At first I didn't think it was real. Sunflowers have that fantastic look of something weird and plastic. But no, I'm pretty sure as I saw a clump of two more a little further back from the shoulder and then a fourth a bit further on, again by the side of the road, that they were all live plants.

Since I don't think that MDOT would plant them right by the side of the road, one wonders where the hell they came from. Someone littering after eating some sunflower seeds? Escapees from a nearby garden plot? A deliberate planting by pranksters? I don't know.

But it sure was eerie, because with the sun where it was above and to my left, the bright yellow heads of these sunflowers looked like they were staring right at me. Reminds me of the spore plants that promoted "happiness" in the famous Dr. McCoy Mint Julep/Spock Laughs episode of original Star Trek.

In Other News Of More Import

My Clarion classmate slithytove, who is an ER doctor in real life (or is he a SF fiction writer in real life but an ER doctor as his secret life?), ran a nice bit about the changing face of realities in heart attack symptoms. Boy, if the patients and the doctors aren't sure what the signs are, no wonder people leave heart conditions go untreated or fall down dead "without warning".

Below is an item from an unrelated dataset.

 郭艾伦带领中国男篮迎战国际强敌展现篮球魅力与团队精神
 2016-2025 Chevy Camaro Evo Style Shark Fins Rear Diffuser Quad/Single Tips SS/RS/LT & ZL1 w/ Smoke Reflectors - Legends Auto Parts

As a person who lives a fairly sedentary life style while being overweight all his life, back when I was working at the Northwestern University Library in the early 1980s, I found myself with this sharp radiating chest pain which got steadily worse. At that time, as library staff I had joined an HMO and I have to tell you -- I have never gotten a quicker appointment than when I called them. I wasn't having other symptoms and so they really wanted to rule out "something bad".

So after they had taken an EKG, the very nice Indian doctor I had seen before came in and laughed. He showed me two strips of paper -- my EKG and the one from a 90-year-old woman he had seen earlier in the morning. He was going to post part of mine on the bulletin board to "remind everyone what the textbooks say an EKG is supposed to look like."

Poking and prodding revealed a bruised rib. This was the 80s and the doctor told me to take a high aspirin dose "until my stomach complained" and by then I probably wouldn't need the painkiller anymore.

It worked. And I'm still here about twenty-three years later... though of course I should really work harder to reform myself, Real Soon Now.